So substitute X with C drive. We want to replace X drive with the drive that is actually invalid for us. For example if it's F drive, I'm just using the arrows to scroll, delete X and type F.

┄┄┄┄┄┄┄┄┄┄

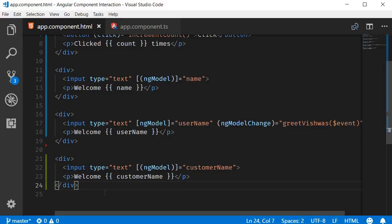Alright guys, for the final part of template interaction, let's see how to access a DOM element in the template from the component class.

┄┄┄┄┄┄┄┄┄┄

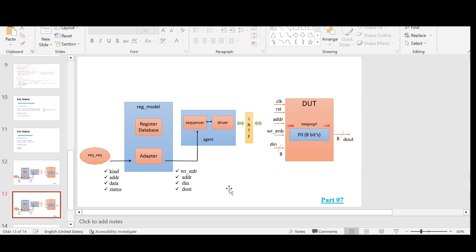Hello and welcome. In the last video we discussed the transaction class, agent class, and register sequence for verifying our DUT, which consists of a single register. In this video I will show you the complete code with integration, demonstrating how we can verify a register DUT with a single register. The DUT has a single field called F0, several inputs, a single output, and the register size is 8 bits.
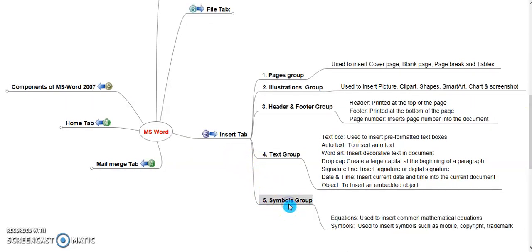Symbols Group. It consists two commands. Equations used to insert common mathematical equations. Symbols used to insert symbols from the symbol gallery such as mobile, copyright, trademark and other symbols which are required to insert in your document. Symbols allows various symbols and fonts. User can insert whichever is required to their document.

┄┄┄┄┄┄┄┄┄┄

- **What the task asks**: In the listing above, find the line containing "Hello and welcome." and the line containing "Symbols Group. It", then return both of them and every line between, exactly, without pictures.

- **Output of the task**:
Hello and welcome. In the last video we discussed the transaction class, agent class, and register sequence for verifying our DUT, which consists of a single register. In this video I will show you the complete code with integration, demonstrating how we can verify a register DUT with a single register. The DUT has a single field called F0, several inputs, a single output, and the register size is 8 bits.
Symbols Group. It consists two commands. Equations used to insert common mathematical equations. Symbols used to insert symbols from the symbol gallery such as mobile, copyright, trademark and other symbols which are required to insert in your document. Symbols allows various symbols and fonts. User can insert whichever is required to their document.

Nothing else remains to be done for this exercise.